DATASET SECTION:

========================================

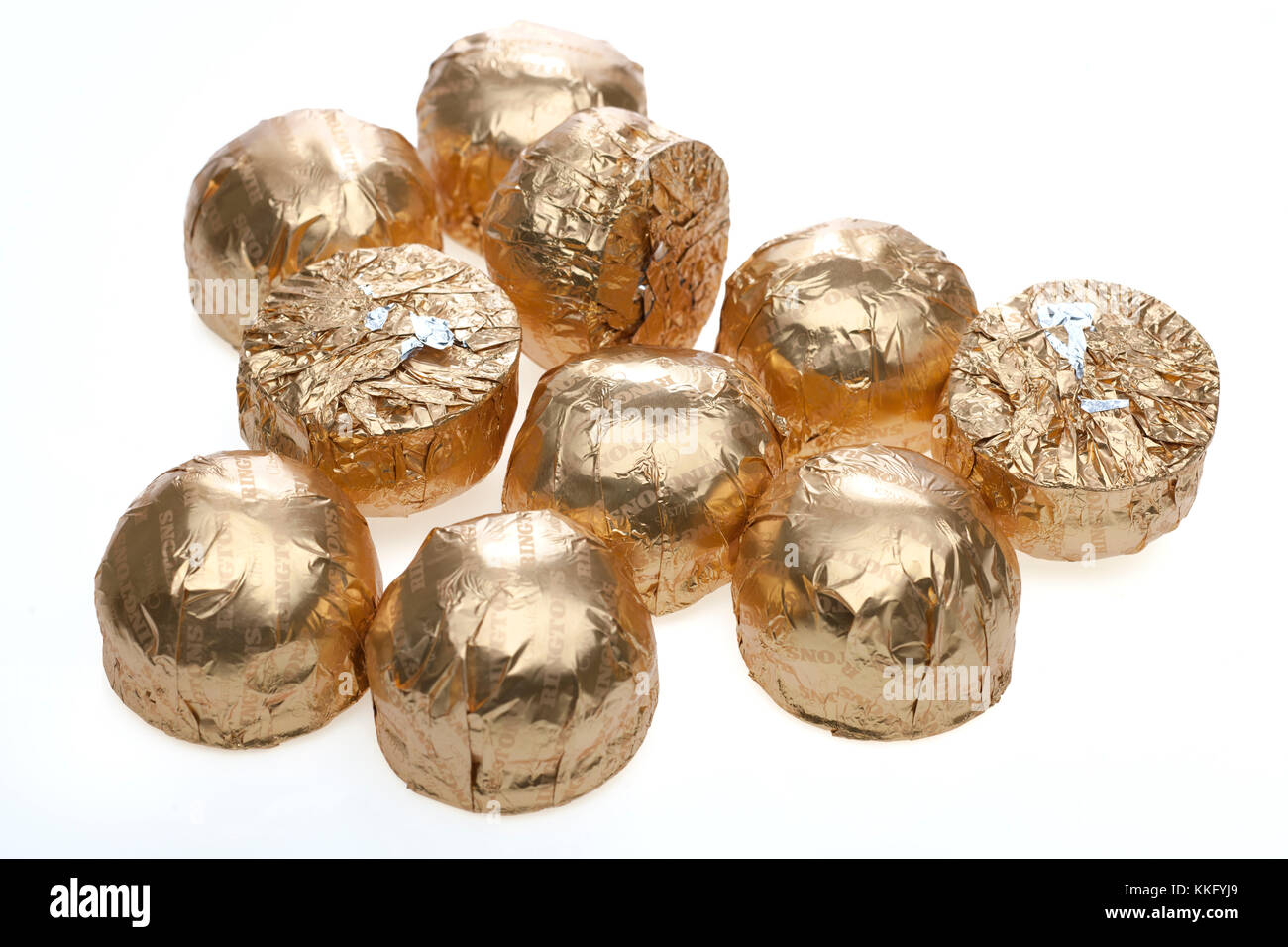 Oro stagnola avvolto delle suonerie cioccolato al latte Mallows Foto Stock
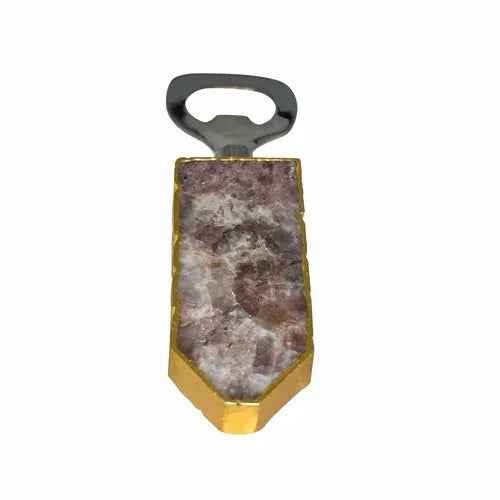 Bottle opener with gold trim and sparkling quartz handle displayed against white backdrop.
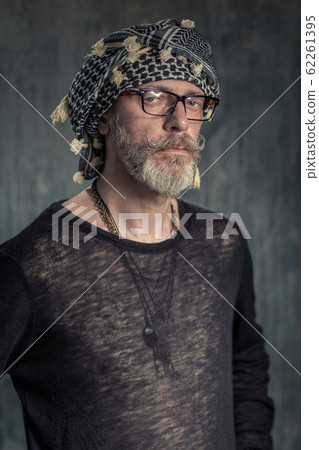 Old fashion man, good looking. Egyptian scarf and glasses 62261395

========================================

WHAT THE TASK REQUIRES: Repeat the material exactly. Any picture in it should be dropped.

RESPONSE TO THE TASK:
 Oro stagnola avvolto delle suonerie cioccolato al latte Mallows Foto Stock
 Bottle opener with gold trim and sparkling quartz handle displayed against white backdrop.
 Old fashion man, good looking. Egyptian scarf and glasses 62261395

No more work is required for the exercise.